Rendidos desde pequenos ao encanto do Alentejo e, especialmente, às raízes e tradições do cante alentejano, o grupo Bandidos do Cante é o espelho das vivências de outras gerações e do cante ao balcão das tabernas. A simplicidade e a irreverência com que se apresentam quando puxam uma moda fizeram com que grandes nomes da música os chamassem para duetos. O “Diário do Alentejo” dá a conhecer Luís Aleixo, Duarte Farias, Francisco Raposo, Miguel Costa e Francisco Pestana.

 

 

Texto Ana Filipa Sousa de Sousa

 

Dentro da taberna A Pipa, numa das ruas estreitas da cidade de Beja, o frio e a chuva que teimam em fazer-se sentir são amenizados por um ou outro copo de vinho tinto.
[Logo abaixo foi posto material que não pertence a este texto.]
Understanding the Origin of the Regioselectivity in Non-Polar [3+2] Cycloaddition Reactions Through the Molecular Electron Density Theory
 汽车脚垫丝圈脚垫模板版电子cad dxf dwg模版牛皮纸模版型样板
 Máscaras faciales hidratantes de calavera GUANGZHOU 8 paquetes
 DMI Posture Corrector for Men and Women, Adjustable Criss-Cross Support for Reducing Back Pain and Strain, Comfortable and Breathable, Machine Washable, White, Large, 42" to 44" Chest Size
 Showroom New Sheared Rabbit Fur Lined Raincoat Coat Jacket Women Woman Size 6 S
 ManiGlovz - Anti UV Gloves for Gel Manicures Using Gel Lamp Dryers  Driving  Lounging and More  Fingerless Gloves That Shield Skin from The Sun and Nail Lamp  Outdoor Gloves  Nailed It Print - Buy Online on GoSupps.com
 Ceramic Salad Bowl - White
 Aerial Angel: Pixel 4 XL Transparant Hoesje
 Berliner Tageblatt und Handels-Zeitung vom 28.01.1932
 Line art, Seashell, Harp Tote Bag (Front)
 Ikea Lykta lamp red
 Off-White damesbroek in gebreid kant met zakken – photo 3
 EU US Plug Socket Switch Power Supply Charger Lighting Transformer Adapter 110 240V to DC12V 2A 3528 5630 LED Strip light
A mesa rústica, tapada com uma toalha quadriculada em tons de azul, enche-se, graciosamente, de bons petiscos alentejanos à medida que o dia avança.

 

Envolvidos pelas pás, foices e potes de barro que enfeitam a sala fazem, normalmente, soar  mais uma vez “Quantas pedras trago eu no sapato...”, do single “Casa”, que gravaram juntamente com a banda portuguesa D.A.M.A e o seu conterrâneo Buba Espinho.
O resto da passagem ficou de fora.